| Task directions |
Find "this 739×554 image." in the records that follow; print that line and each subsequent line through the last one, verbatim and with nothing added.

[Data to process]

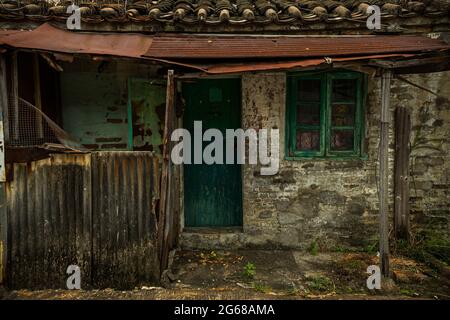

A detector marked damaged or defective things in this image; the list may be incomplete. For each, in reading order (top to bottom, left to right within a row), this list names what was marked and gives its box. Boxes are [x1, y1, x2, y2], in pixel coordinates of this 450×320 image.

rusted metal sheet [0, 24, 153, 59]
rusted metal sheet [144, 34, 450, 59]
rusty corrugated metal roof [144, 34, 450, 60]
rusted metal sheet [5, 154, 92, 288]
rusted metal sheet [5, 151, 161, 288]
rusted metal sheet [91, 151, 160, 288]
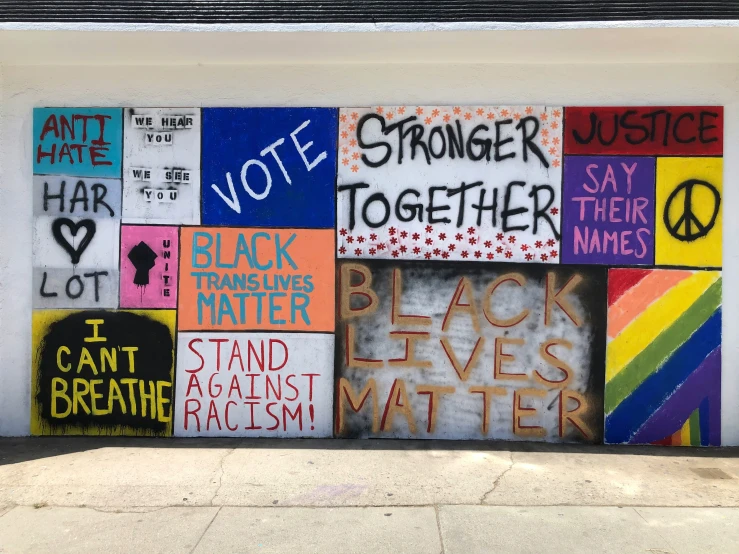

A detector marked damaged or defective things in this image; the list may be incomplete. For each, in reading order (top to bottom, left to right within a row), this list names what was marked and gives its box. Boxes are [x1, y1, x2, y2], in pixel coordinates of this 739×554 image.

pavement crack [211, 446, 234, 506]
pavement crack [480, 450, 516, 502]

[/Data to process]

| Solution to this task |
A detector marked damaged or defective things in this image; the list may be incomplete. For each, in reading order (top to bottom, left to right within a row), this list names what was marked and gives its box. Boxes are [x1, y1, x2, y2], in pixel coordinates of this 739×554 image.

pavement crack [211, 446, 234, 506]
pavement crack [480, 450, 516, 502]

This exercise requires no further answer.